▸ What the task requires: Your task is to output the listing exactly, leaving every image out.

▸ The records:

——

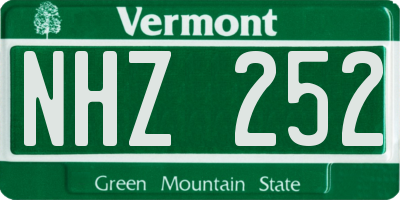 VT license plate NHZ252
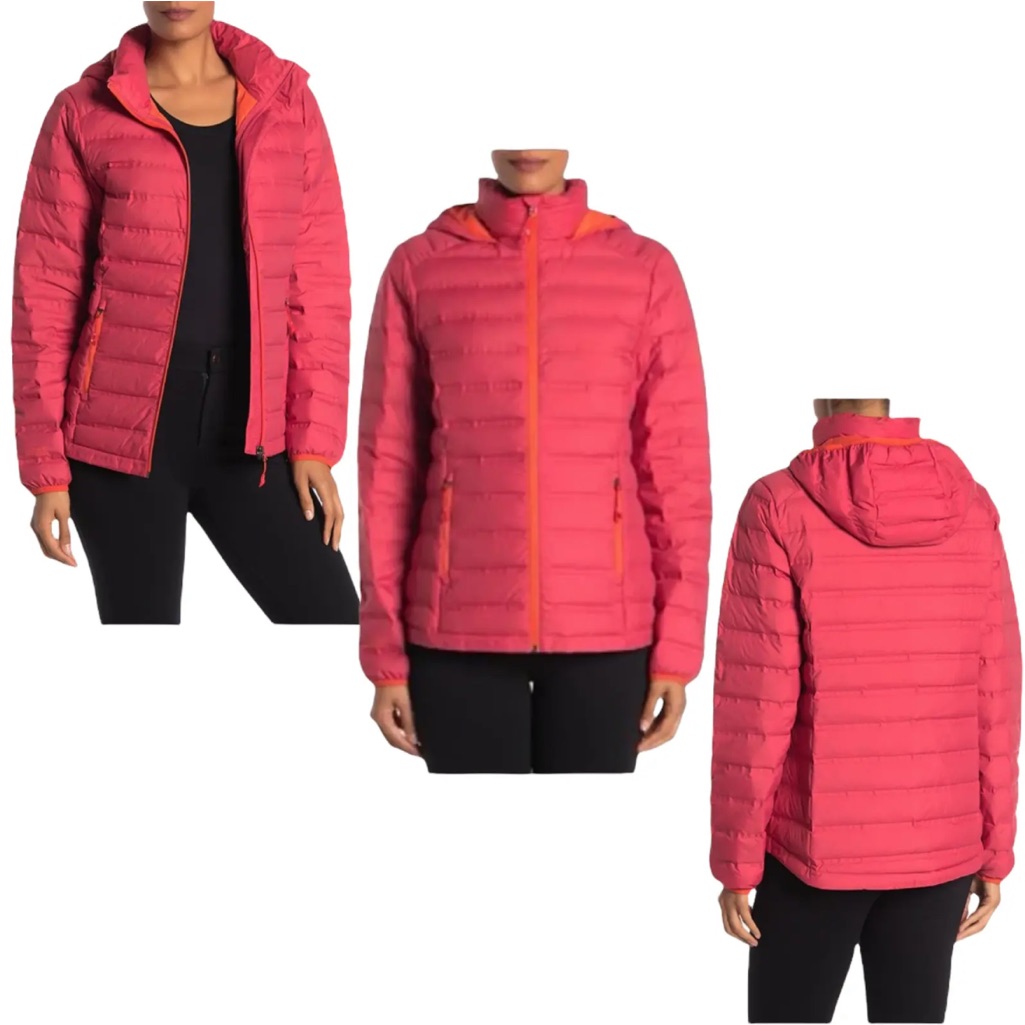 Gerry Weber Down Filled Miriam Quilted Down Puffer Jacket Hooded Pink Small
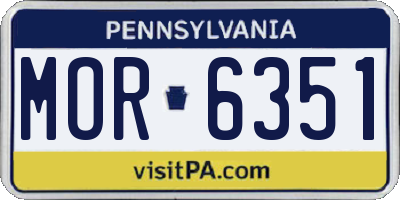 PA license plate MOR6351
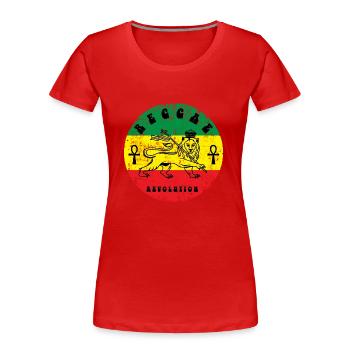 Reggae eu - Women's Premium Organic T-Shirt - red - Front - Mia (176cm)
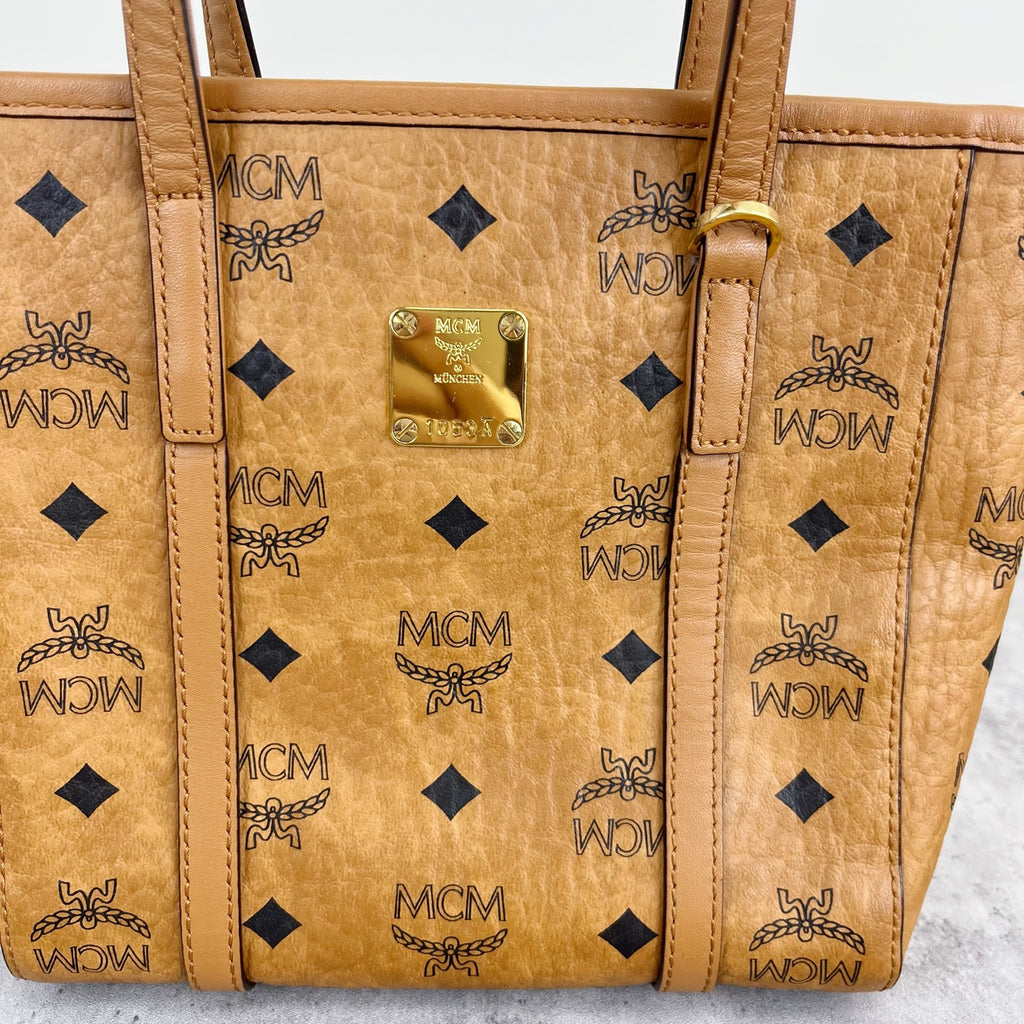 MCM Aren Visetos Zippered Shopping Bag Tote MWPAATN04CO001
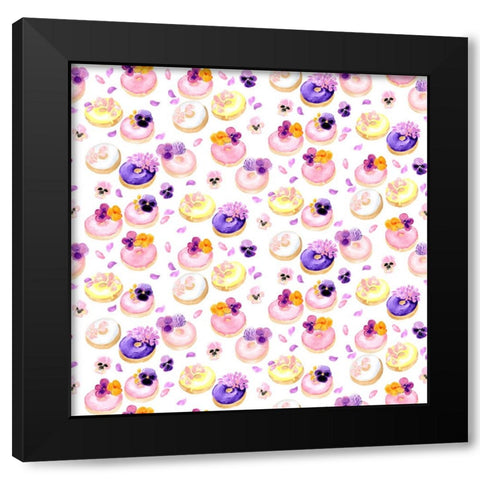 Floral watercolor donuts pattern Black Modern Wood Framed Art Print with Double Matting by Laiz Blursbyai, Rosana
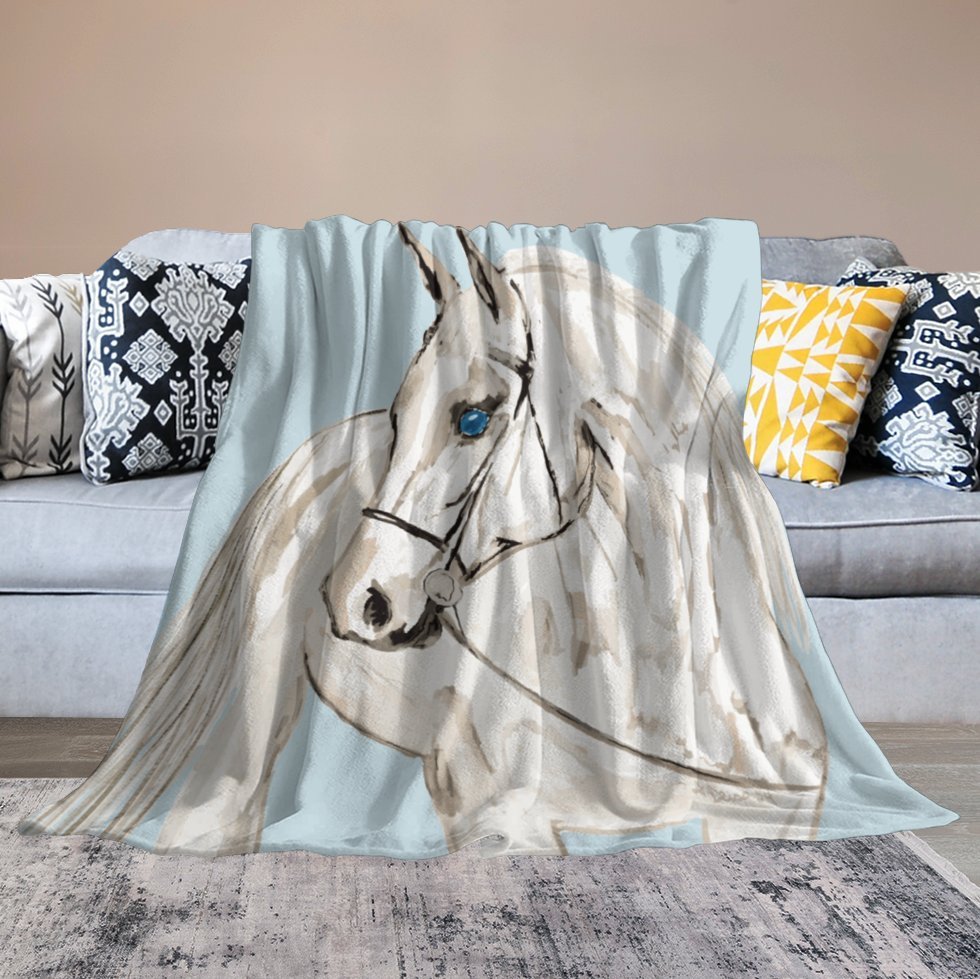 White Horse “Raine” Flannel Blanket - Blue Cava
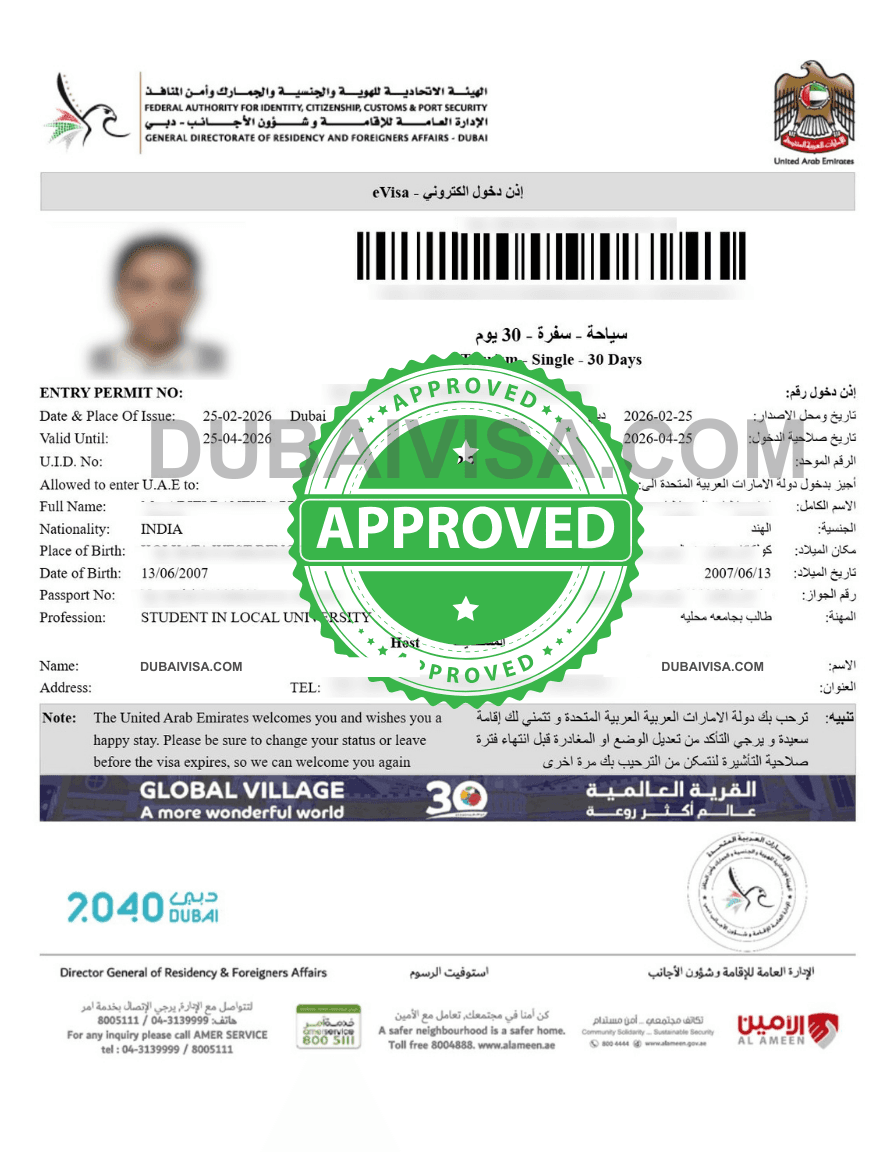 approved dubai visa india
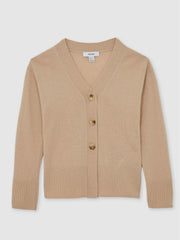 Reiss | 13-14 yrs Wool-Blend Fitted Cardigan With Cashmere in Neutral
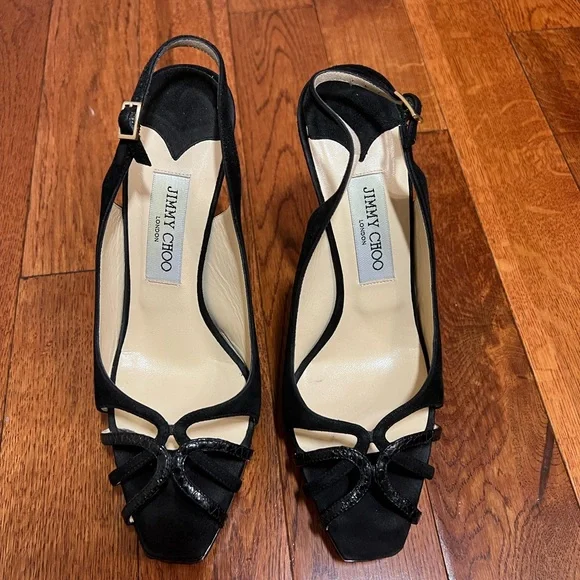 Jimmy Choo Black Leah Slingbacks Size 39.5 - Picture 4 of 6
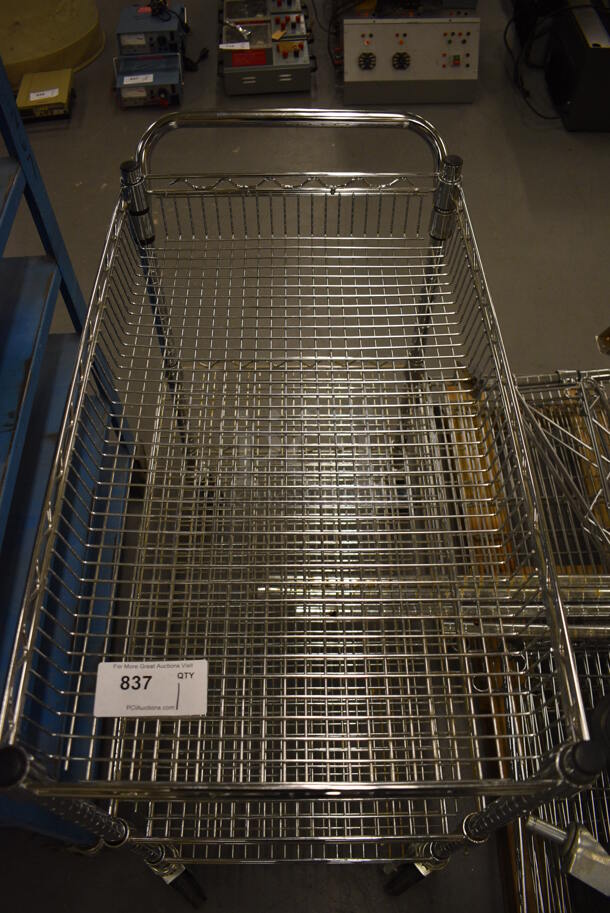 Chrome Finish 3 Tier Shelving Unit on Commercial Casters. 34x18x33. (south basement 019) - Image 3 of 4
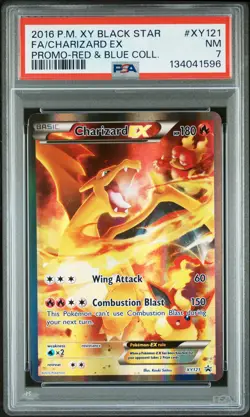 2016 POKEMON XY BLACK STAR PROMO RED & BLUE COLL FULL ART/CHARIZARD EX PSA 7 - Image 1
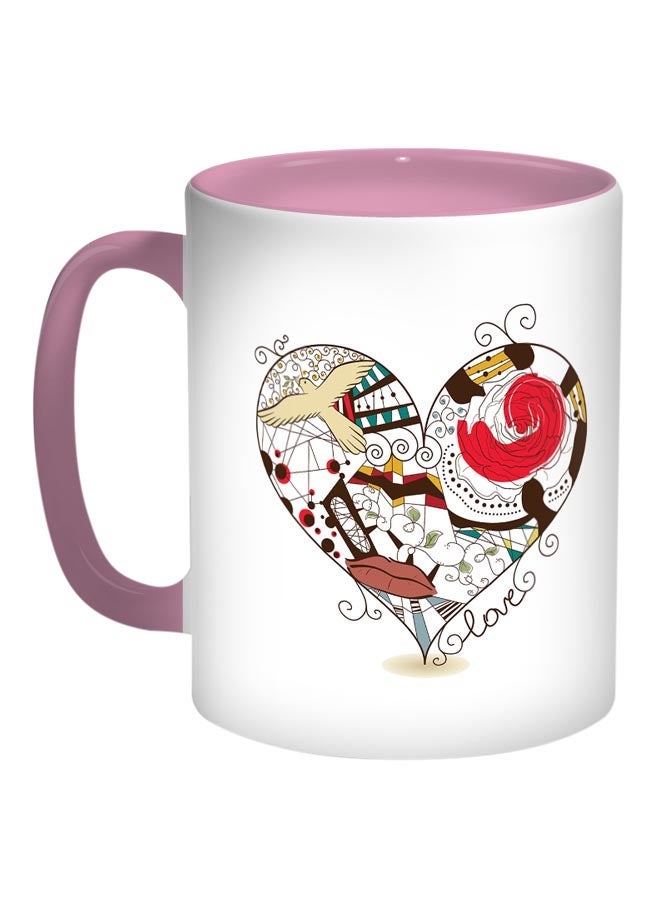 Heart Printed Coffee Mug Red/White/Pink 11ounce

——

▸ Result of the exercise:
 VT license plate NHZ252
 Gerry Weber Down Filled Miriam Quilted Down Puffer Jacket Hooded Pink Small
 PA license plate MOR6351
 Reggae eu - Women's Premium Organic T-Shirt - red - Front - Mia (176cm)
 MCM Aren Visetos Zippered Shopping Bag Tote MWPAATN04CO001
 Floral watercolor donuts pattern Black Modern Wood Framed Art Print with Double Matting by Laiz Blursbyai, Rosana
 White Horse “Raine” Flannel Blanket - Blue Cava
 approved dubai visa india
 Reiss | 13-14 yrs Wool-Blend Fitted Cardigan With Cashmere in Neutral
 Jimmy Choo Black Leah Slingbacks Size 39.5 - Picture 4 of 6
 Chrome Finish 3 Tier Shelving Unit on Commercial Casters. 34x18x33. (south basement 019) - Image 3 of 4
 2016 POKEMON XY BLACK STAR PROMO RED & BLUE COLL FULL ART/CHARIZARD EX PSA 7 - Image 1
 Heart Printed Coffee Mug Red/White/Pink 11ounce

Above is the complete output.